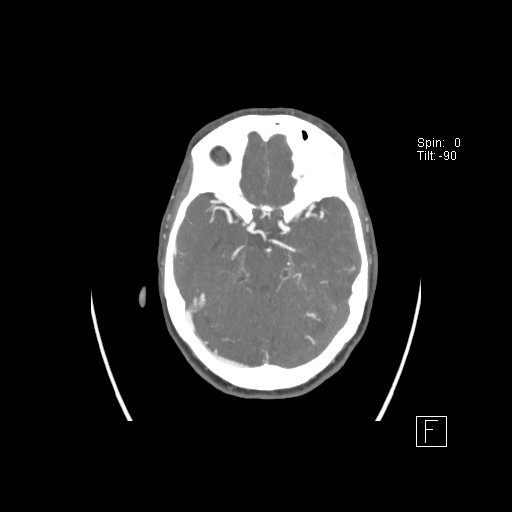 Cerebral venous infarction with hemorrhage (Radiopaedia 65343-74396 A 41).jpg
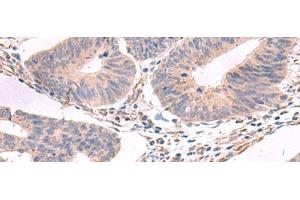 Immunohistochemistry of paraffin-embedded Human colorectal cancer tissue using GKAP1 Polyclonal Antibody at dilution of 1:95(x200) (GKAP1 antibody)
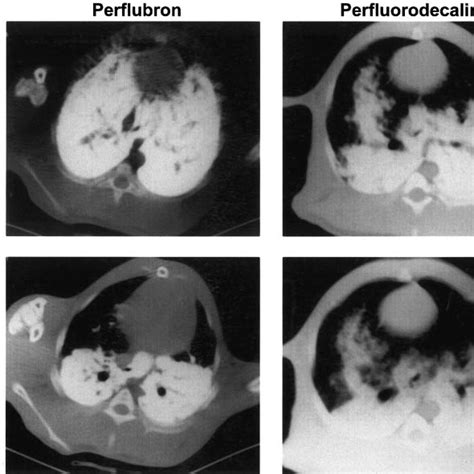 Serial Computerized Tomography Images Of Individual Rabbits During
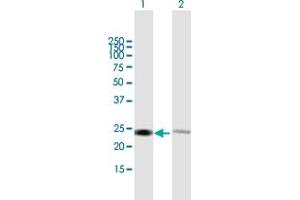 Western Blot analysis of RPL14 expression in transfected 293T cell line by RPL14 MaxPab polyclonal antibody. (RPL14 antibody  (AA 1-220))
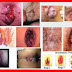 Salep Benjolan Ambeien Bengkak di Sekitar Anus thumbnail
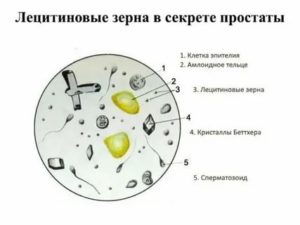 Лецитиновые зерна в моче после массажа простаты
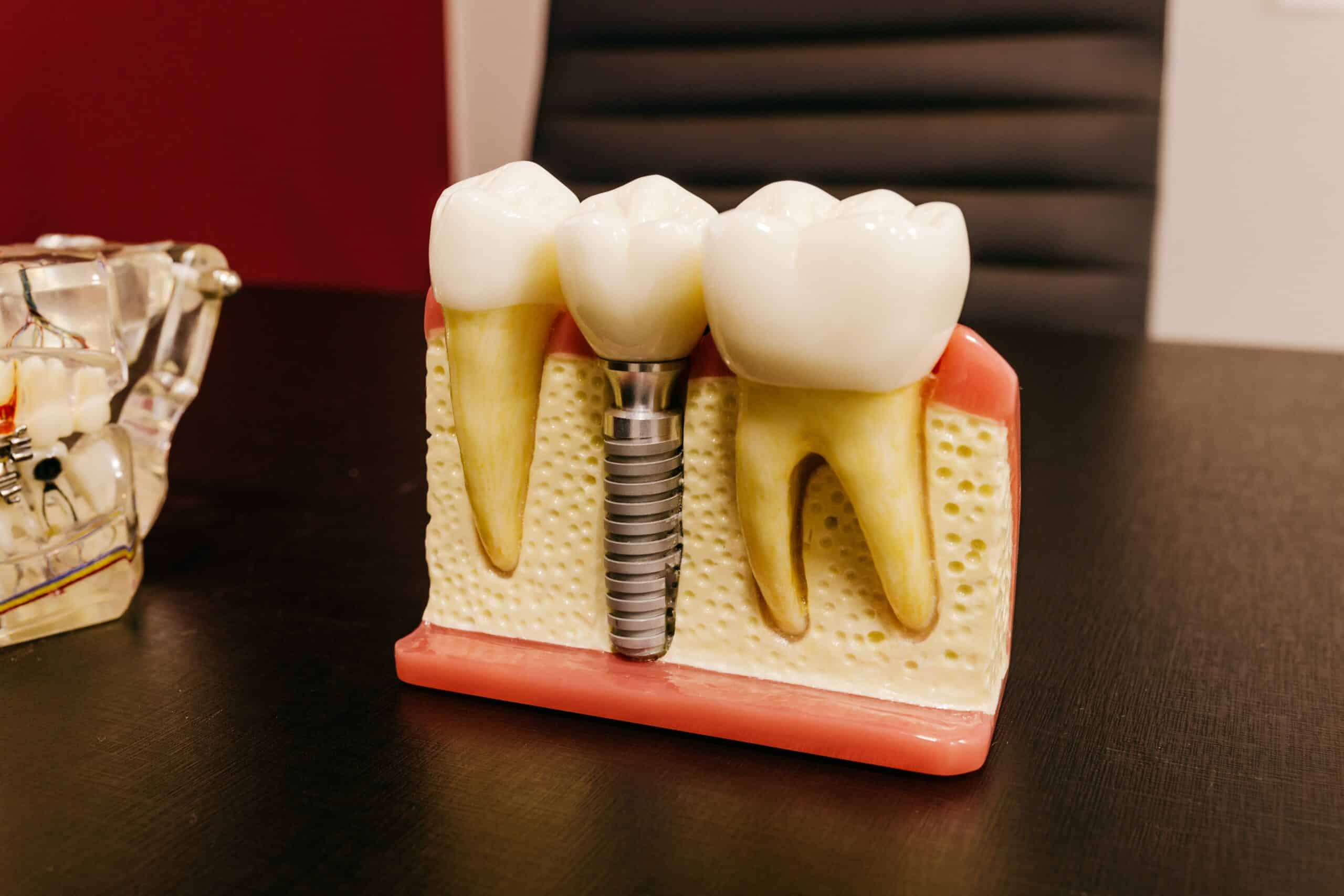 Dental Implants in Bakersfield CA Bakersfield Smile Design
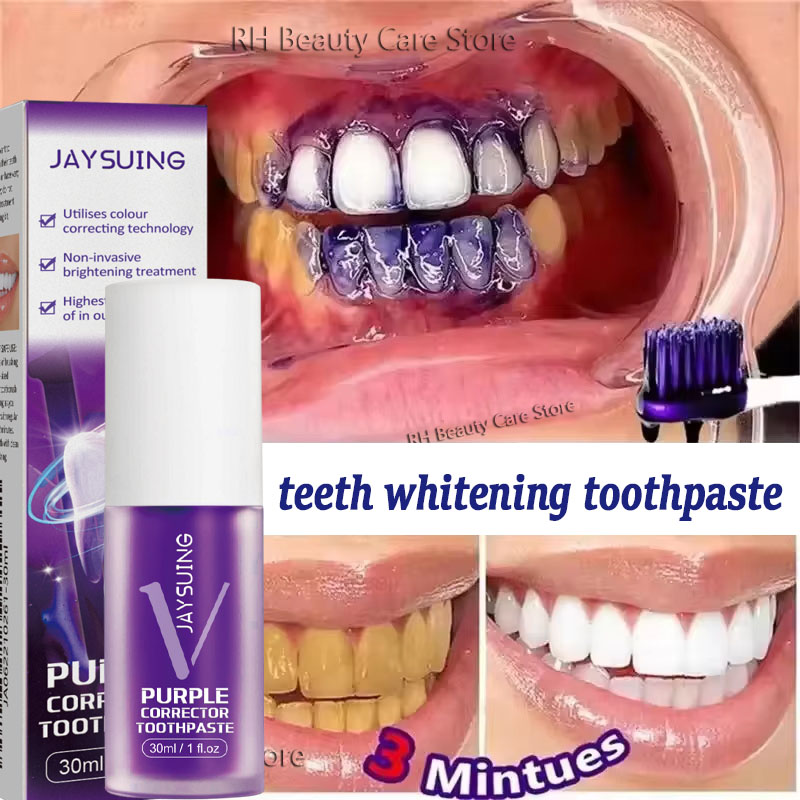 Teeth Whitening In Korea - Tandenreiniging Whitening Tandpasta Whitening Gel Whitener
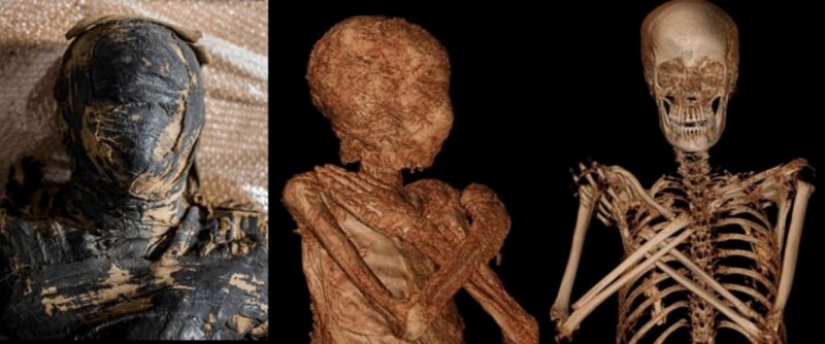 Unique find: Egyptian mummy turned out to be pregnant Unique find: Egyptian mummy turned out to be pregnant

* * *

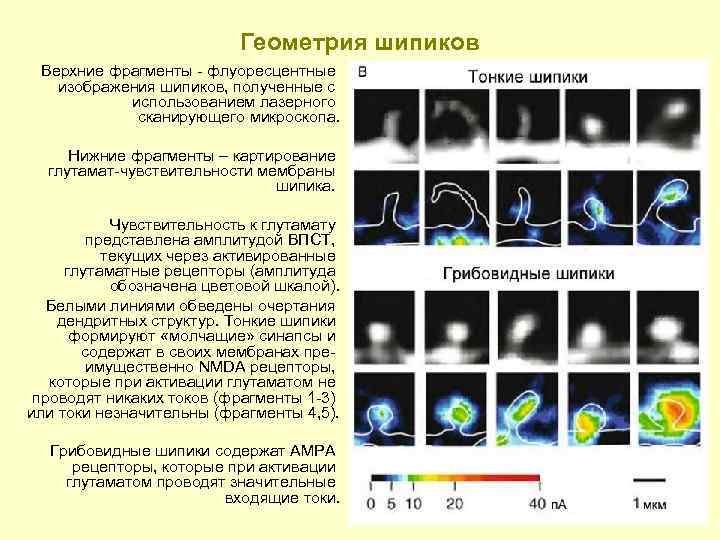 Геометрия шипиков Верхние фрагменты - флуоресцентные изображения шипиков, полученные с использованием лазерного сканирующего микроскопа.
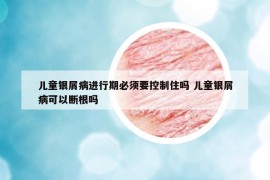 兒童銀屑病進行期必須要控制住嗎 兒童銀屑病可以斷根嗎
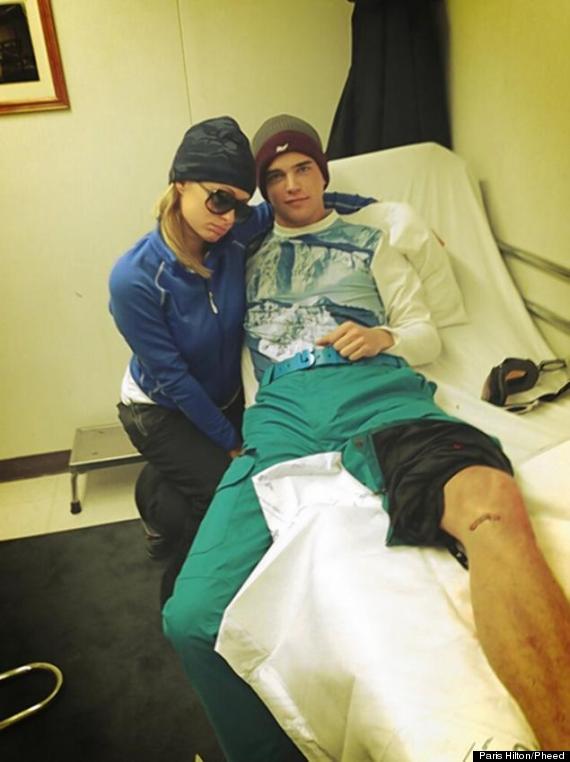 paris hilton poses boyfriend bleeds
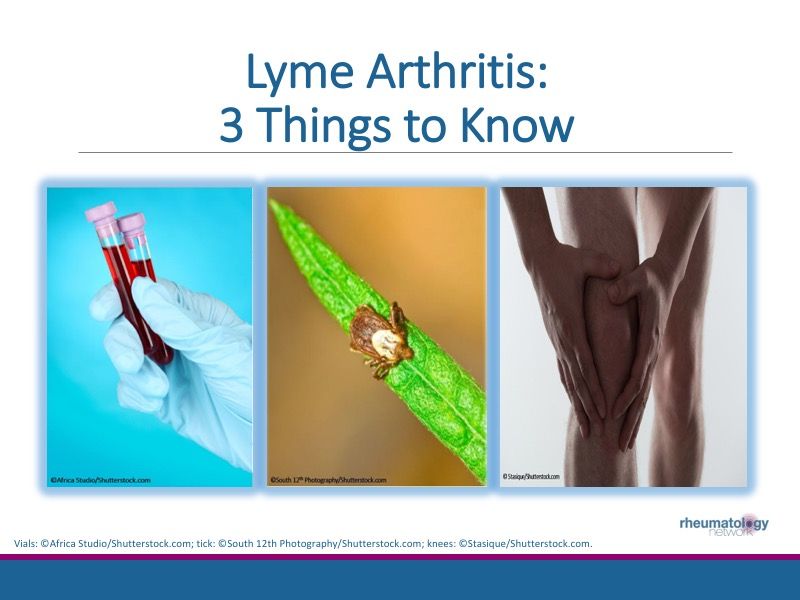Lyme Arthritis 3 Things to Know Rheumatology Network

__What is being asked__. Within the listing above, print exactly the stretch beginning at the line that contains "Dental Implants in" and finishing at the line that contains "Unique find: Egyptian mummy turned out to be pregnant Unique", ends kept, pictures left out, and nothing more.

__Solution__.
 Dental Implants in Bakersfield CA Bakersfield Smile Design
 Teeth Whitening In Korea - Tandenreiniging Whitening Tandpasta Whitening Gel Whitener
 Unique find: Egyptian mummy turned out to be pregnant Unique find: Egyptian mummy turned out to be pregnant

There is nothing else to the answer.